Tithes, 1824, Townland of Drynam, County of Dublin

This question was answered by a newspaper article, published in 1830, which confirmed the James Mahon, with land in Drynam, lived in Yellow Walls. The article contained a list of men registering their freehold interest in properties valued at more than £10. 

Excerpt: Dublin Evening Packet and Correspondent, 26 June 1830, p. 1

Why did they register their properties? - you might ask yourself. I did.

Following Catholic Emancipation in 1829, Irish Catholics were granted the right to sit in Parliament.

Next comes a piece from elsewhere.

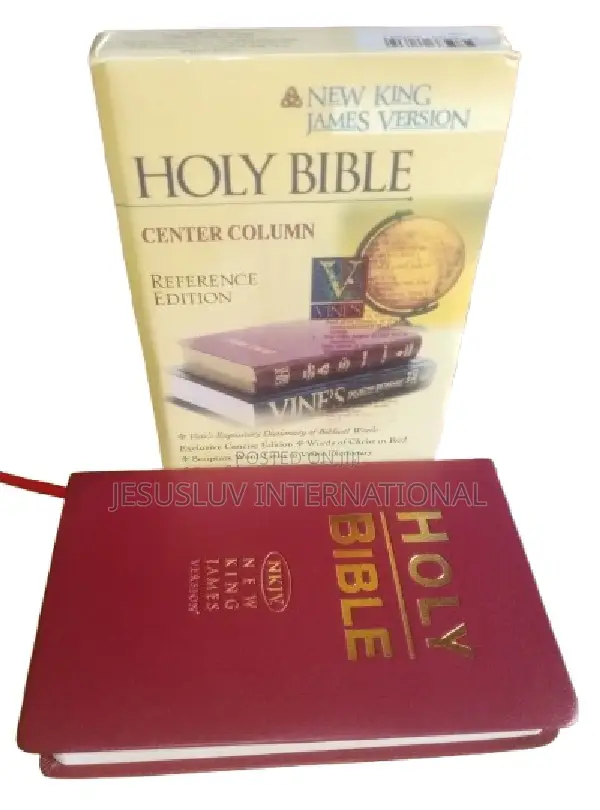 Holy Bible NKJV Center Column Reference Edition, Wine- Leathersoft
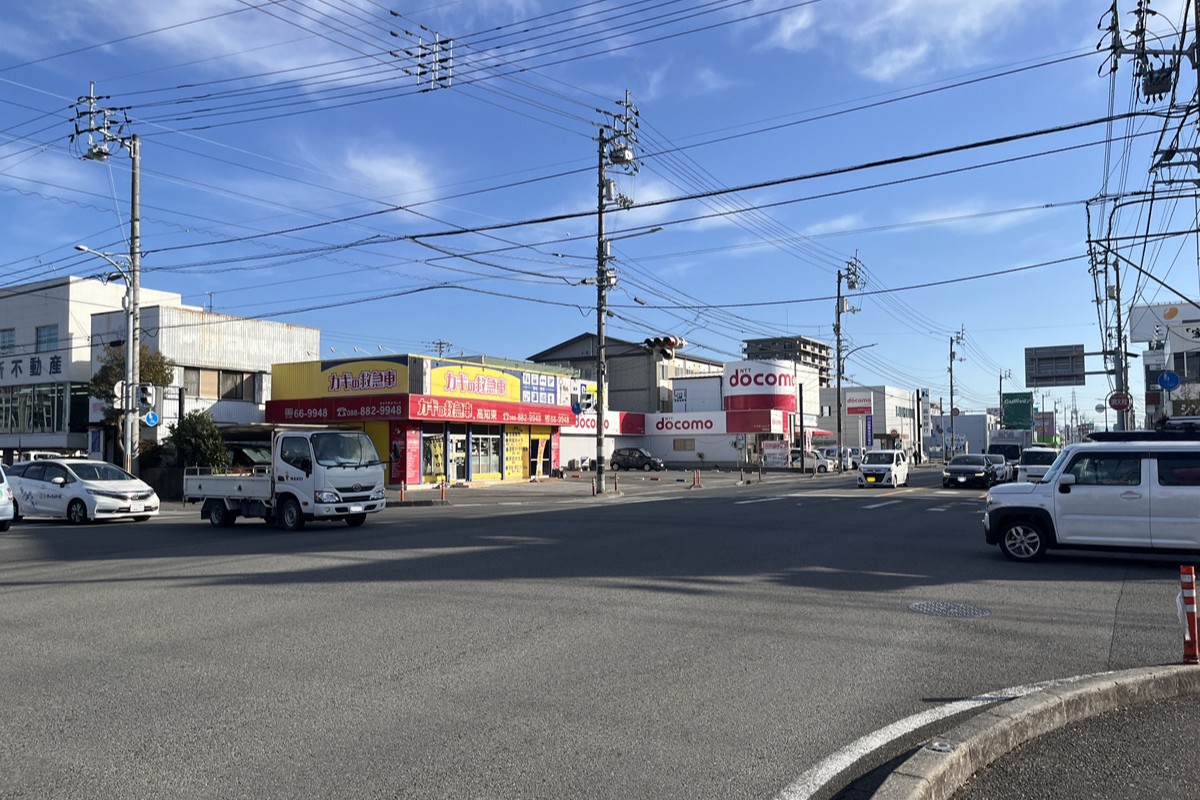 高知市御座エリアの町並み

However, a more restrictive county franchise was immediately introduced, whereby voters in subsequent elections were required to have a freehold interest in property worth at least £10. This was a five-fold increase on the previous 40 shilling (£2) franchise, and five times the requirement still applying in the rest of the United Kingdom. Few Irish Catholics met the new voting qualification, thus ensuring no real change to the status quo. Still, the freehold interest of those who did meet the requirements had to be registered, and a list of the registered freeholders published.[1] 

So, James Mahon made the newspaper when he registered his £10 holding in Drynam. John Gaffney, one of James Mahon’s colleagues at the Special Vestry, also registered his property in Malahide. This might explain why they both, being Catholic, were deemed eligible to participate in the Special Vestry in the first place, which settles last week's query over their participation there. 

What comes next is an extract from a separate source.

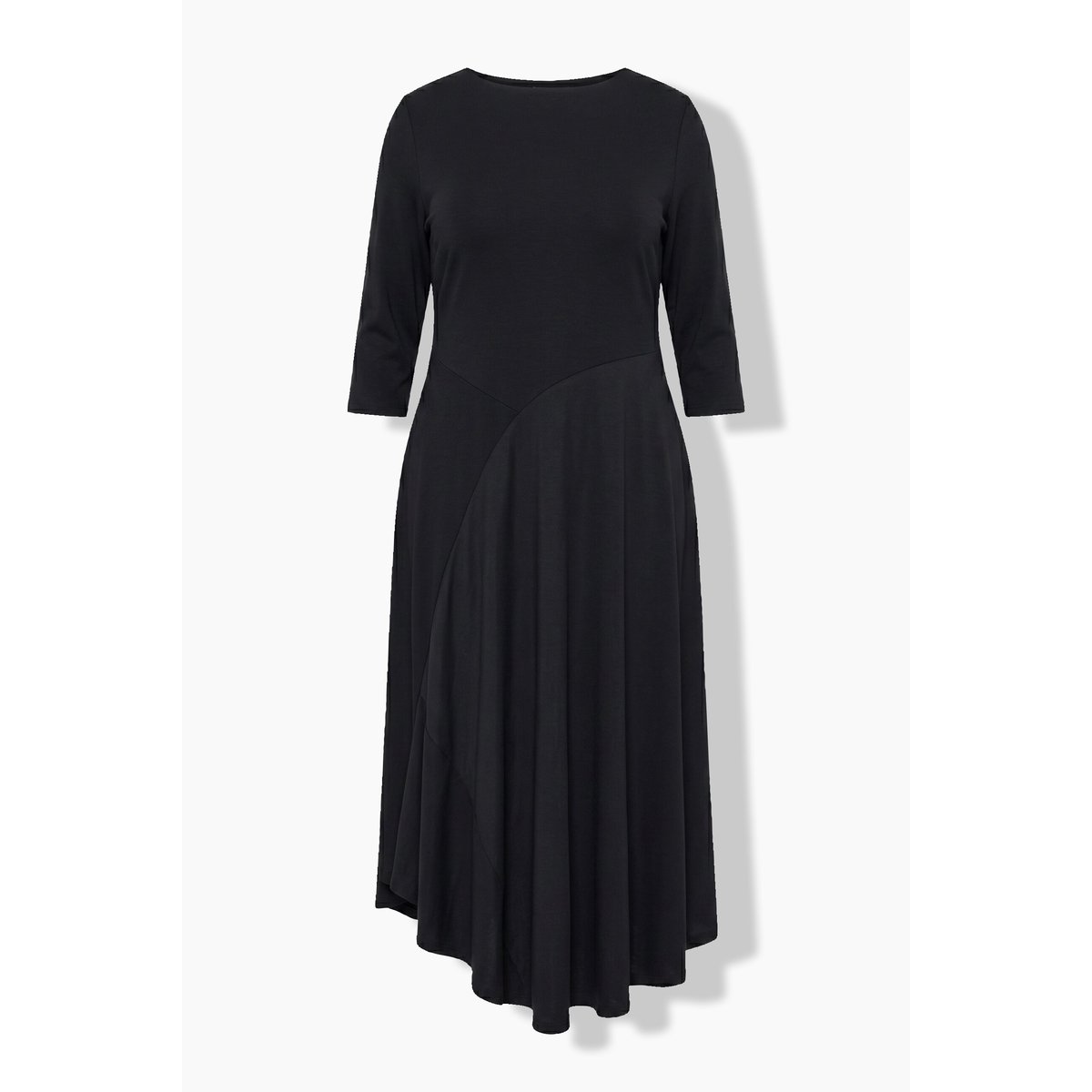 Robe maxi point de Rome noir, ULLA POPKEN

But, as usual in genealogy research, when one question is answered, several more always take its place- 

Until now, everything I've found indicated the Mahons of Yellow Walls were tenants at will, meaning they were subject to eviction at any time, without notice. Now, we see James Mahon owned this land outright. What a surprise! But, it’s puzzling. As far as I was aware, the Drynam estate belonged to the Cruise (de Cruys) family for many generations, i.e. from around the time of the Norman invasion in the twelfth century.  How on earth did James Mahon get his hands on some of it?

And, if he did at some point own the land, what happened to it? There's no indication in the probate records of it being passed down to the next generation. By 1845, James Mahon, the same man, or maybe a descendant, can be seen leasing land in Drynam, at £4 an acre, from Robert Cruise, Esq.

House Book, 22 Aug 1845, Townland of Drinan, Barony of Coolock

It's getting curiouser and curiouser! Except, there's nowhere to go for more answers.

[1] 10 George IV. Cap 8, An Act to amend certain Acts of the Parliament of Ireland, relative to the election of members..., 1829, in William Finnelly, The Law and Practice of Elections in England, Scotland, and Ireland… (London,1830), accessed Google Books.

© Black Raven Genealogy


  1. Interesting! But, don't give up! Hopefully, the answer is out there somewhere...

  2. Thanks Dana, I believe it is, working on the that now.

  3. Shady Brits! Hope you find the answer soon.